CHIMANIMANI, Zimbabwe — A week after Cyclone Idai lashed southern Africa, flooding still raged Thursday as torrential rains caused a dam to overflow in Zimbabwe, threatening riverside populations. The confirmed death toll in Zimbabwe, neighbouring Mozambique and Malawi surpassed 500, with hundreds more feared dead in towns and villages that were completely submerged.
Aid agencies and several governments continued to step up their deployments, with helicopters in short supply for hundreds of thousands of people displaced by the cyclone.
Spokesman Herve Verhoosel of the World Food Program told reporters in Geneva of the “alarming news” that the Marowanyati dam in Zimbabwe was hit by heavy rains overnight, putting populations in the region at risk.
Zimbabwe’s defence minister said more than 120 bodies had been washed into neighbouring Mozambique, where residents there buried them, and more bodies were still being recovered in rivers, raising the official death toll in the country to 259.
“Most of the bodies were washed into Mozambique and because they were in a really bad state, they could not keep the bodies,” Defence Minister Oppah Muchinguri said, speaking in the eastern city of Mutare. “So they ended up burying them.”
Meanwhile, the confirmed death toll in Mozambique rose to 217, the Portuguese news agency Lusa reported, and in Malawi, at least 56 people were killed. But that was sure to rise. Mozambican President Filipe Nyusi has estimated that 1,000 people could have been killed in his country alone. Zimbabwean officials have said some 350 people may have died in their country.
Homes, villages and entire towns were submerged across central Mozambique, where flooding created a muddy inland ocean 30 miles (50 kilometres) wide. The U.N. food aid agency said 400,000 people were displaced and “in urgent need of life-saving assistance” in Mozambique’s coastal city of Beira and flooded areas along the Pungue and Buzi rivers.
The persistent rains lifted in some areas on Thursday, and floodwaters began to recede in Beira, the worst-hit city, and in the countryside, according to a Mozambican government report.
“Yesterday, 910 people were rescued by the humanitarian community,” said Caroline Haga of the International Federation of the Red Cross in Beira. She said 210 were rescued by five helicopters and 700 were saved by boats.
Aid groups were continuing to work non-stop to rescue families desperately clinging to tree branches and rooftops for safety from the surging waters.
“A family saw their brick house swept away from them. When they went to another house for safety, the roof collapsed,” Machiel Pouw, Save the Children’s response team leader in Mozambique, said in a statement. “Another family fled for safety in a tree. There are tens of thousands of heartbreaking stories like this, lives shattered over the past days.”

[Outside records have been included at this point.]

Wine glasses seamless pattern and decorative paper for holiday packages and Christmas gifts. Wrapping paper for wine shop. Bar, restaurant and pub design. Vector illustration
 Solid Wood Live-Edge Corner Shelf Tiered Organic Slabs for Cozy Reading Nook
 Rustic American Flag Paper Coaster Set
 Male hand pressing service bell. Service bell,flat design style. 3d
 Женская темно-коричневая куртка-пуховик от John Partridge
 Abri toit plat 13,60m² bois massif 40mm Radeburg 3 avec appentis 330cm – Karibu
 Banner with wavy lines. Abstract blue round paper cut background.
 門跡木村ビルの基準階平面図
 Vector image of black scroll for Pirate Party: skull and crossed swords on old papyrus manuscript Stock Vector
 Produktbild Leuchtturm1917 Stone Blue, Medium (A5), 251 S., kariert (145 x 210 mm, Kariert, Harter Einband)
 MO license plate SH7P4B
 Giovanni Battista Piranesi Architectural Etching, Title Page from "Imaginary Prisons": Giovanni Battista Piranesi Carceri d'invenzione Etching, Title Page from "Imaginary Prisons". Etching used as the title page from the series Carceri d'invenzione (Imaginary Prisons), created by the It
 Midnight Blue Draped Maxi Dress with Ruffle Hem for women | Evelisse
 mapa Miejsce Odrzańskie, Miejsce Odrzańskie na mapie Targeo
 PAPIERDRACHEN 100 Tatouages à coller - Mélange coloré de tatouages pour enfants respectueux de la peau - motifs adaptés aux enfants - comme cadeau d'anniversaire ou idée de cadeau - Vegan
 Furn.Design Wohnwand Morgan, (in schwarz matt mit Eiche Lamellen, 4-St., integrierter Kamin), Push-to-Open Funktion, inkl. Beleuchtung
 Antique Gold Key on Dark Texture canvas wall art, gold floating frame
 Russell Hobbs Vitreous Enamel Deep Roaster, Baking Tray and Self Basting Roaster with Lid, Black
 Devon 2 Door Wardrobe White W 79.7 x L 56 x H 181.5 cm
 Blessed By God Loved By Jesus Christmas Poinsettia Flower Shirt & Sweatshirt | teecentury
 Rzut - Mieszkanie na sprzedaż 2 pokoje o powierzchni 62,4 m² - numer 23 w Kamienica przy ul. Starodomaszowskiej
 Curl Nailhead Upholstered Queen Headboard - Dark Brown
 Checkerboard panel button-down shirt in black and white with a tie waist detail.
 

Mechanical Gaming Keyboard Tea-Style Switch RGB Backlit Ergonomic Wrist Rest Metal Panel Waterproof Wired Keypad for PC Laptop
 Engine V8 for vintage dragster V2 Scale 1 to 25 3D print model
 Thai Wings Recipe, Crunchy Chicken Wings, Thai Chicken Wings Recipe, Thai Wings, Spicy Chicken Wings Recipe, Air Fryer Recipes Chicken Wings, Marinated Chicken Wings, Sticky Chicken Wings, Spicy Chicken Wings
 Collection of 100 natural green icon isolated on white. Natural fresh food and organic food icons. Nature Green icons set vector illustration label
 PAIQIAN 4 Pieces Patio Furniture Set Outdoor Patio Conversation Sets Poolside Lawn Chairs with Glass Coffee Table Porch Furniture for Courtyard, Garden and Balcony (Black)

It will be days before Mozambique’s inundated plains drain toward the Indian Ocean and even longer before the full scale of the devastation is known.
WFP said Malawi’s government had reported more than 920,000 people in the country were affected by the floods. The agency said Idai had had a “limited impact” on Malawi, and projected that the number of affected people will decline as they return home.
In Zimbabwe, 90 per cent of the district of Chimanimani — the country’s hardest-hit — was significantly damaged, the agency said, estimating that 200,000 people would need food assistance over the next three months.
Aid has been slow to reach affected villagers due to collapsed infrastructure, although the military has been handing out small packets of cooking oil, maize meal and beans.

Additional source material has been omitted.